Enquanto entra em guerra pelo país afora, o PCC precisa resolver ao mesmo tempo seus problemas internos.
Em um período de três meses, quatro homens, até então apontados como intocáveis na cúpula, foram assassinados por determinação da própria facção criminosa. As mortes geraram grande alarde e viraram tema na opinião pública.
Em dezembro do ano passado, Marcola cumpria o seu último mês de um ano em regime de isolamento. Pouco antes de ele ser liberado da solitária, seu amigo Edilson Borges Nogueira, o Biroska, foi assassinado dentro da penitenciária 1 de Presidente Venceslau.
No enterro de Biroska, houve explosão de fogos e grande presença de público. Dentro das prisões, a morte do criminoso, que havia sido expulso da cúpula do PCC porque sua companheira brigou com outras mulheres de presos dentro de um ônibus, não foi bem recebida.
O MP paulista apontou que a morte de Biroska poderia ter sido ordenada por Rogério Jeremias de Simone, o Gegê do Mangue. Ele era o principal líder da facção em liberdade entre fevereiro de 2017 e fevereiro de 2018, quando foi morto, junto com Fabiano Alves de Souza, o Paca.
Investigação da Polícia Civil aponta que Gegê e Paca estariam roubando dinheiro da própria facção. Alguns envolvidos no duplo homicídio foram presos, porém, detalhes do caso permanecem envoltos em mistério. Não se sabe, por exemplo, quem exatamente da cúpula do PCC deu autorização para as mortes. No enterro deles, e dentro do sistema penitenciário paulista, diferentemente da reação à morte de Biroska, houve silêncio.

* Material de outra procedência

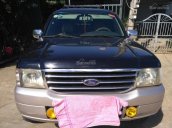 Bán ô tô Ford Everest 2005, màu đen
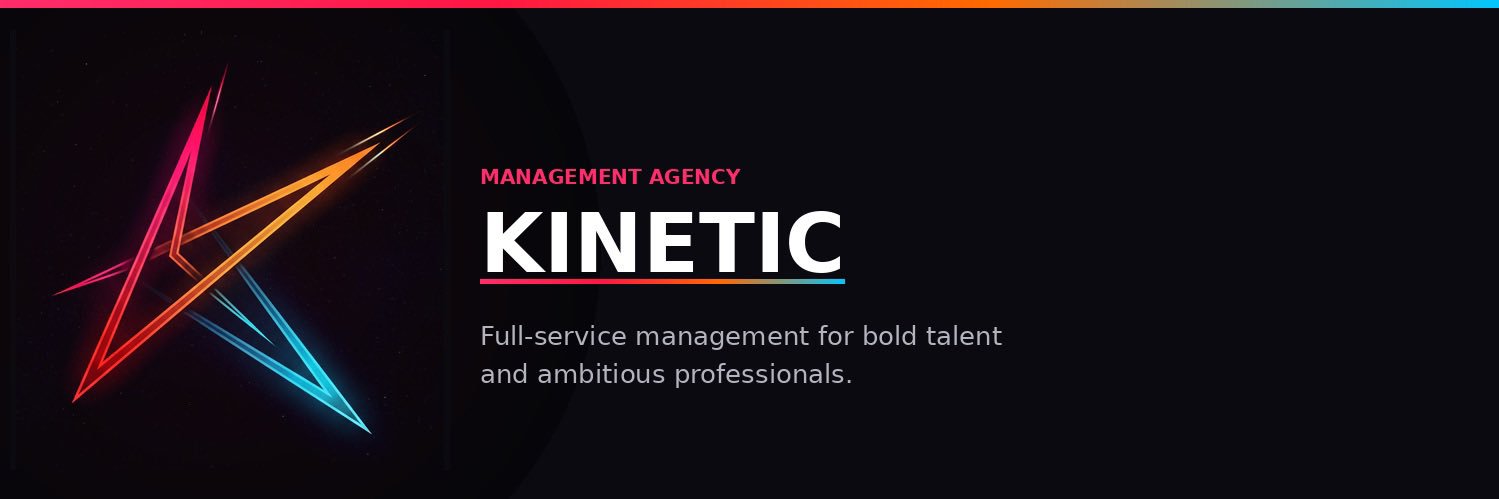 KineticMgmt's profile banner image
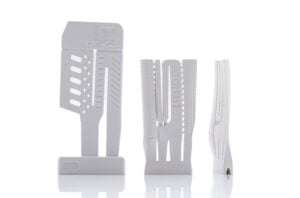 Ceramic casting cores © Lithoz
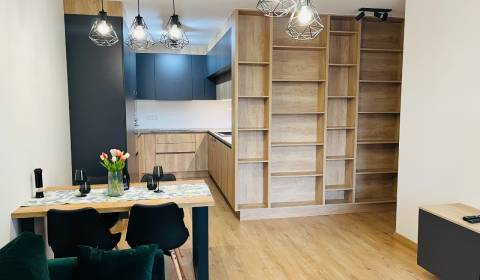 Pronájem Byt 2+1, Byt 2+1, Jégého, Bratislava - Ružinov, Slovensko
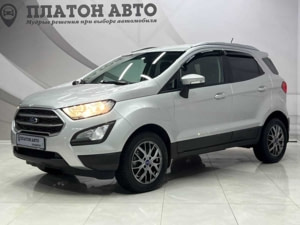 Автомобиль с пробегом FORD EcoSport в городе Воронеж ДЦ - Платон Авто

"O PCC age como se fosse uma empresa. Porém, as empresas demitem. Eles, dependendo da situação, se consideram que houve uma traição, cumprem o estatuto: dependendo do grau da falta, alguns casos são pagos com a morte. Nos últimos casos [do início de 2018], foi por desvio de dinheiro", afirma o jornalista e escritor Josmar Jozino, autor de uma trilogia sobre o crime organizado paulista: "Cobras e Lagartos" (2005), "Casadas com o crime" (2008) e "Xeque-Mate: O tribunal do crime e os letais boinas pretas – Guerra sem fim" (2012).

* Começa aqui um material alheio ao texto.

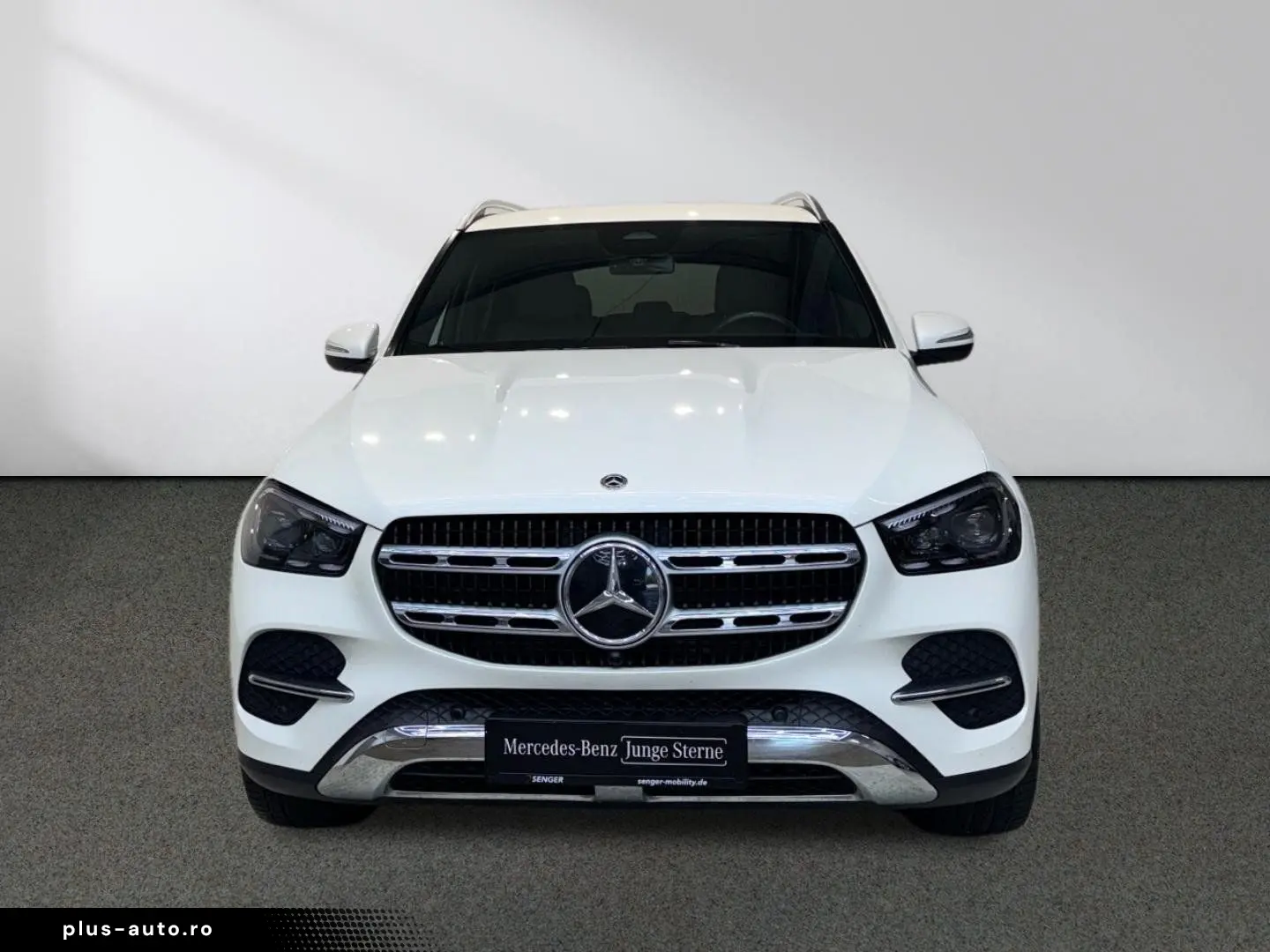MERCEDES-BENZ GLE 300 d 4M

Após as mortes de Gegê e Paca, três homens foram fuzilados no bairro do Tatuapé, na zona leste de São Paulo. A suspeita é a de que foram assassinados numa ação de queima de arquivo. Os dois primeiros, ainda em fevereiro, foram Eduardo Ferreira da Silva, o Borel, dentro de uma Mercedes-Benz, e Wagner Ferreira da Silva, o Cabelo Duro, em frente a um hotel.
Cabelo Duro, segundo o MP, estava no helicóptero que levou à morte Gegê e Paca em uma reserva indígena no Ceará. Em 23 de julho, foi a vez de Cláudio Roberto Ferreira, o Galo Cego, ser alvo de 70 tiros de fuzil dentro de um Audi Q3 blindado. Ele também estaria envolvido nas mortes de fevereiro.
Esta não é a primeira vez que o crime organizado de São Paulo mata seus membros mais renomados. Sempre que há um indício de ruptura dentro do grupo, aquele que está gerando discórdia é assassinado. Tem sido esta a regra.
A última crise interna relevante, antes da atual, aconteceu em novembro de 2005, quando o então número 2 da facção, Sandro Henrique da Silva Santos, o Gulu, e outras seis pessoas morreram a tiros em um período de dois dias.
"Em novembro de 2002, quando o Marcola assumiu a liderança do PCC, junto a ele tinha o Gulu --o grande traficante da Baixada. Os dois eram as duas lideranças iminentes. Depois dos sete mortos, o irmão de Gulu foi assassinado, a mãe teve de fugir e Marcola saiu fortalecido como o principal nome do PCC", relembra o pesquisador Bruno Paes Manso, do NEV-USP (Núcleo de Estudos da Violência da USP).